Building Products Testing

Lu, Jiang, Ke Wang, and Ming-Liang Qu. Journal of Building Engineering 28 (2020): 101091.

The transport of liquid water in porous building materials has a significant impact on the hygrothermal performance of the materials. The capillary absorption coefficient is a key parameter that characterizes the water absorption capacity of porous building materials, and it is crucial for the simulation of moisture transport.

Using an improved continuous measurement method, still based on the partial immersion strategy, the data is continuously and automatically collected during the absorption test, without the need for operator intervention. Taking lightweight, high-porosity autoclaved aerated concrete (AAC) as a typical porous building material, the impact of this method on the measurement of the capillary absorption coefficient was investigated. The results show that the improved continuous method avoids the process of intermittent sampling and weighing, making it more convenient than the standard method.

Ren, Peng, Chi Feng, and Hans Janssen. Building and Environment 164 (2019): 106344.

Moisture diffusivity is an important material property for conducting hygrothermal analysis of buildings and building environments. The measurement methods for moisture diffusivity of porous building materials include the X-ray method, the ruler method, and the multi-step method.

X-ray attenuation method: The principle of this method is that water absorbs X-rays, so the greater the water content in the sample, the stronger the attenuation.

Ruler method: The ruler method is a simple modification of the standard capillary absorption test. During the first stage of the capillary absorption process, not only the wet mass of the sample is measured periodically, but also the height of the moisture front from the bottom. For each measurement, the λ value at the boundary can be obtained through a formula, and the average value (λ_f, m•s^-0.5) is finally calculated.

Multi-step method: The multi-step method is another simple improvement of the standard capillary absorption test. Unlike the X-ray and ruler methods, the moisture diffusivity is not represented as a continuous function, but as a piecewise constant function with n different levels.

Dujardin, Nicolas, et al. Construction and Building Materials 245 (2020): 118417.

The characterization of thermophysical properties has been used to study the porosity of various materials, particularly for insulation applications (vacuum insulation panels, building walls). For such materials, the thermal conductivity of the sample is influenced by the thermal conductivity of the air filling the pores. Therefore, the pore size distribution can be determined by measuring the thermal conductivity at different gas pressures.

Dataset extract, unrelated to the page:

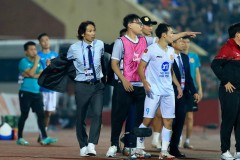 Tranh cãi gay gắt việc thầy cũ U23 Việt Nam xứng đáng nhận thẻ đỏ, nín thở chờ phán quyết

The porous structure of composites and cement has been studied using the thermal method. This method is applicable to brittle materials and is based on existing models that can determine the pore size distribution.

First, the existing analytical models are presented. The thermal conductivity is simulated by homogenizing the medium under study into N fluid phases and series/parallel solid phases. Second, some extensions of this model are proposed. In the case of a single pore size, a finer pore size distribution can be obtained through the regularization law.